I have found them useful, particularly if there is a match. I do concur that most 401K/ProfitShare setups in companies have very bad selections. The company I used to work for was such a company, but we also had a group of employees who were active personal investors. We pressured the company and the 401K provider (Prudential) for better selections and eventually got it.
The company managing the 401K started pushing automatic rebalancing and target date funds. What people don’t know about both of these is that every time your account gets ‘touched’ by rebalancing, reallocation, transactions, etc – they get to charge a fee (hidden) on top of the standard management fee (I guess you could call it touch labor costs). On one of the meetings pushing these options, three of the company’s investment club members were also at the meeting and the rep got ‘cross examined’ by them. The only way to keep the 401K offerings at the company honest is to be a little militant about it. Usually the selections for what is offered is pushed down to HR from the 401K management company. The HR staff involved are generally not active or knowledgeable investors – so they just accept what the 401K management company offers.
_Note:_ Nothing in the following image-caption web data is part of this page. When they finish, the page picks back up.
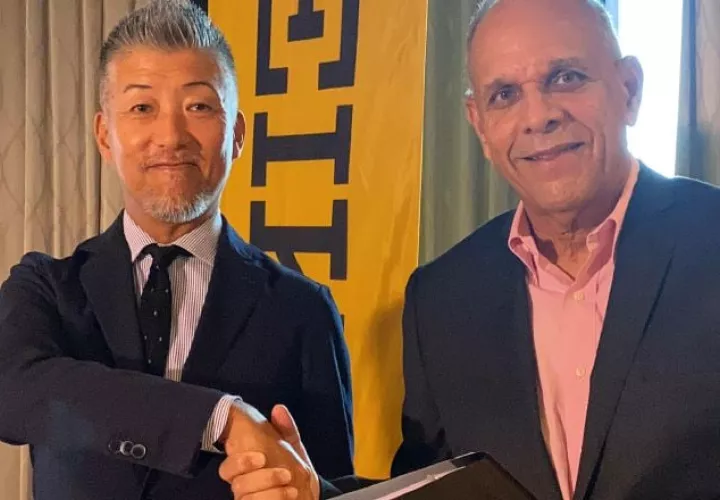 Gregorio "Beby" Miró, del Club Corredores del Istmo, firmó el contrato de patrocinio con Fumio Tanaka. Presidente y Gerente General  de Seiko Panamá. Aurelio Martínez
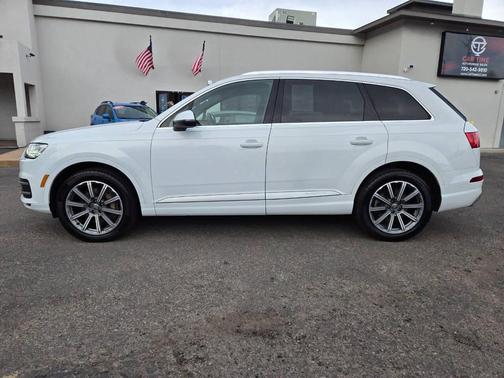 2019 Audi Q7 45 Premium Plus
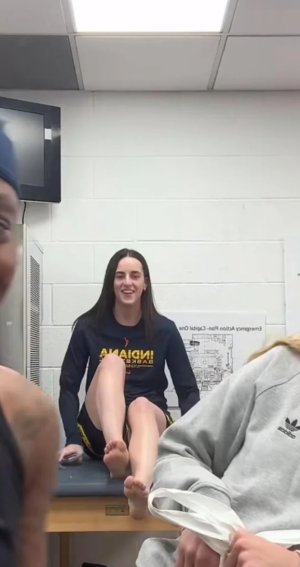 Caitlin-Clark(2)-Feet-8167431.jpg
On target date funds, I would generally be careful. I mapped the return of a 30 yr target date fund vs the ones I had selected over a few years and the target date fund royally sucked.
When I was laid off, I rolled all of my 401K funds into a self directed account at a discount brokerage – this was when I was 48 (completely legal, and I would recommend for the knowledgeable)
I would recommend a Roth for those who are within the income threshold. I would be very careful on rolling over a standard 401K into a Roth because it gets taxed at your peak combined rate. If you roll over $500K and earn $100K/yr – the tax rate is on $600K for the year – don’t forget that marginal tax rate is the item you have to watch out for. By my calcs, rolling over a large 401K into a Roth actually causes more taxes overall and reduces possible gains (don’t forget that the taxes taken out on the roll over to a Roth could have been used for investments and gains)
I would also make discretionary retirement investments on a non tax deferred account.
As for tax effects of Roth, 401K, and ‘cash’ discretionary accounts – it depends upon how often you buy/sell stock.